= Jacob Joseph Taubenhaus =

Jacob Joseph Taubenhaus (1884–1937) born in Safed, Palestine on October 20, 1884, was Chief of the Division of Plant Pathology and Physiology of the Texas Agricultural Experiment Station at the Agricultural and Mechanical College of Texas (now Texas A&M University) from 1916 until his death on December 13, 1937. During his life, he was also a leader in Jewish affairs at the university and was a founder of Texas A&M Hillel.

He graduated from National Farm School (now Delaware Valley University) in Doylestown, Pennsylvania in 1904. He received his PhD from the University of Pennsylvania in 1913 under the direction of J. W. Harshberger with his dissertation titled, "The Diseases of the Sweet Pea (1914)." Taubenhaus was hired as Assistant Plant Pathologist at the Delaware Agricultural Experiment Station at Delaware College (now the University of Delaware) in 1909 and was promoted to Associate Plant Pathologist in 1913. He held this position until 1916. He started his position of Chief of the Division of Plant Pathology and Physiology at the Texas Agricultural Experiment Station in 1916. He became a member of the graduate faculty of Texas A&M College in 1924. In Texas, he worked on diseases of a multitude of crops, including sweet potatoes, corn, onions, melons and tomatoes. With Walter Ezekiel, he published a check list of diseases in Texas. Much of his research focused on the etiology and control of cotton root rot, caused by the fungus, Phymatotrichopsis omnivora. With Walter Ezekiel, he published a study evaluating the susceptibility of more than 2000 plant species to this pathogen. At the time of his death, he had 91 major scientific publications.
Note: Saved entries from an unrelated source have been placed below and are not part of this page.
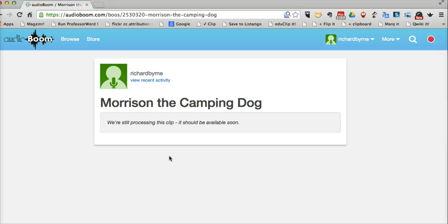You notice there you're also able to upload your own audio if you create an audio with a different application. But Audioboom has that built-in recorder, makes it very easy to create short audio recordings and post them and share them.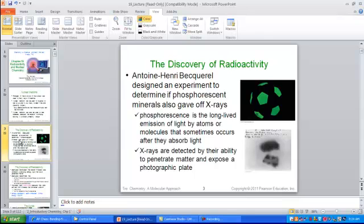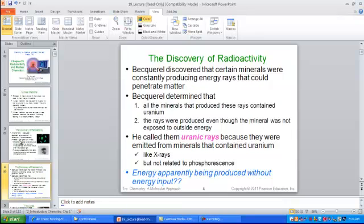He realized that the uranium itself within the crystals was the source of the emissions, not the sunlight. He named these radiation-emitting rays 'uranic rays' from the element uranium. These minerals were constantly producing energy rays that could penetrate matter — pass right through soft tissue, right through black cloth — and develop on a plate, even though the mineral had not been exposed to outside energy.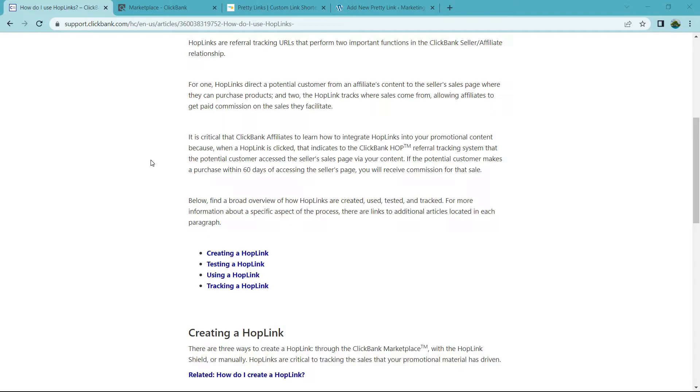That's pretty much the overview when it comes to the hoplink. In other words, it's just a pretty way of saying your affiliate link for a specific ClickBank product.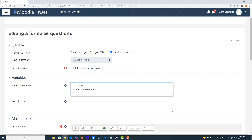Now we create another variable called b1. Using this syntax separated by colons instead of commas, this asks Moodle to select a number from a range in a certain number of increments. In this case, we're telling Moodle: select a number as small as 1 and as large as 8 in increments of 1. So Moodle could select 1, 2, 3, 4, all the way up to 8. It is inclusive of the endpoints, so Moodle can select 1 and also 8.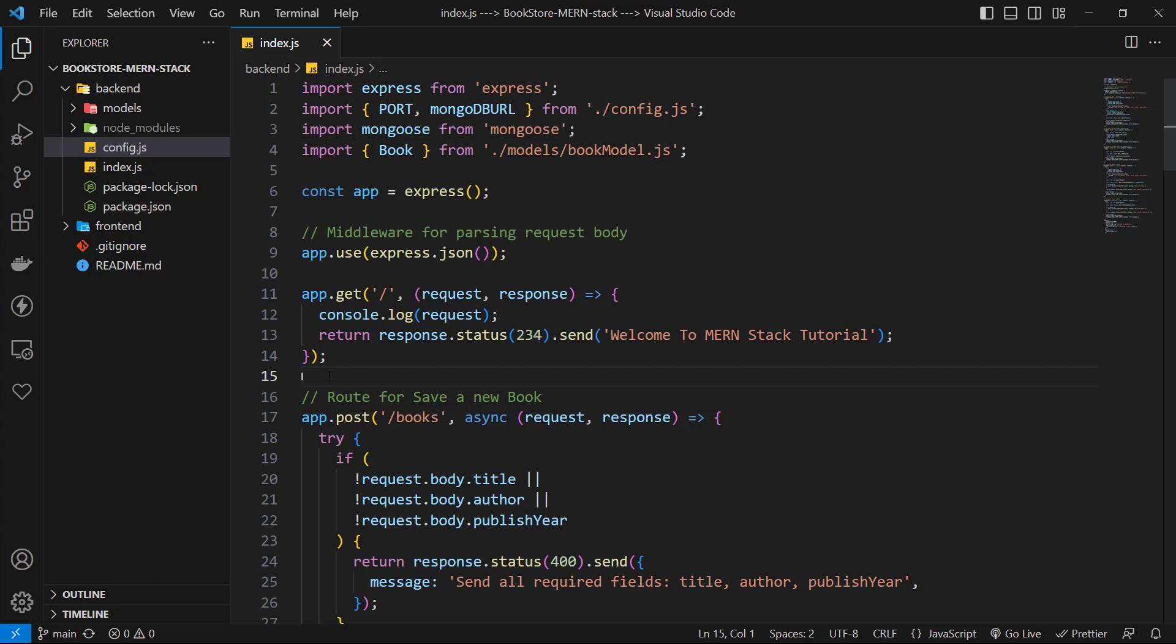Is it good? No, this is not a good solution. We always try to use code splitting and folder structures like what we did for our models. In this situation, we can use express router. Let's do this.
Along with his wife Esther, he founded Texas A&M Hillel in 1916, then named the "TAMC Menorah Club." Taubenhaus was a Mason, a member of the Botanical Society of America, Sigma Xi, and a charter member of the American Phytopathological Society. He maintained his position as head of the plant pathology and physiology division of the Texas Agricultural Experiment Station until his death in 1937.

He married Esther Hirschenson in 1910 and they had two children, Leon J. Taubenhaus, M.D., M.P.H. (December 29, 1912 - November 4, 1973) and Ruth T. Gross, M.D. (June 24, 1920 - October 16, 2007). He is buried in the Bryan (Texas) City Cemetery.